Motorola had done something halfway between a PDP-11 and a VAX in its 68000 processor. So even though it put a lot of effort into Pascal (see LINK and UNLINK instructions, for example) it naturally did well with the "portable PDP-11 assembly" that is C. But they got scared with all the Ada/Modula-2 noise Intel and National were making and made the 68020 a Modula-2 machine to compete with National's 32032. Except that the market was interested in C, so Motorola actually removed the extra features from the 68030. And nobody noticed :-)
Intel decided that "if you can't beat them, join them" with its 386 processor. With some very well thought out hacks it was a hybrid capable of dealing with C and Unix as well as its competitors while at the same time running all the old code, including what really mattered through the new "virtual 8086" mode. Meanwhile, some university people figured out that these C and assembly processors were more expensive and slower than what a pure C processor would be and soon their RISCs were putting commercial cpus to shame.
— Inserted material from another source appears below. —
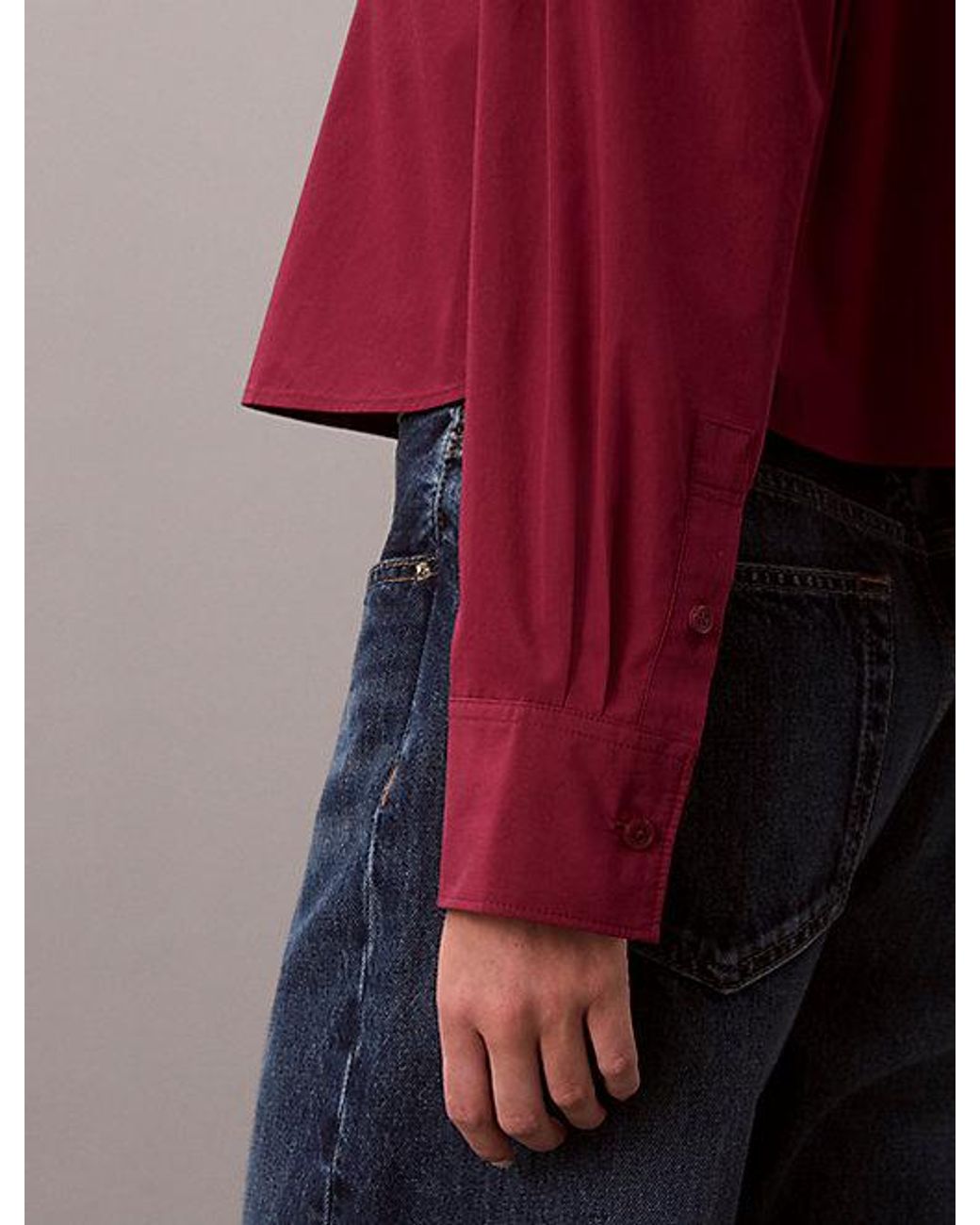 Calvin Klein Red Jeans Woven Monologo Cropped Poplin Button Down Shirt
Intel split its 486 into a pure C part and an extras part in order to keep up, and followed NextGen's (bought by AMD) lead into the core RISC plus translation style with its Pentium Pro (also released as the Pentium II, Pentium II and Pentium M not to mention Celerons and stuff like that). The Pascal and iAPX432 stuff is still in our x86 processors today (as is the BCD math from the 8080 days) but the designers don't put any effort on them and so it is far faster to do the same thing with lots of C instructions instead.
Now that we have a world where every OS is Unix (yes, I even count Windows NT in that crowd), every language is C or a front end for it and every PC has a x86 processor it is no wonder that people can't imagine alternatives, nor even imagine why you might want to imagine alternatives. I have heard many times in the past couple of years that "C is the actually language of the machine, so even if you do stuff in other languages it has to be translated into C or you need short fragments of C code". I normally point out "just try clearing the cache from C" but in a way they are right. But I don't agree that this is how things have to be.
Oh, and about those Lisp Machines: they died off but so did the VAX which were as "language neutral" as anything we have today.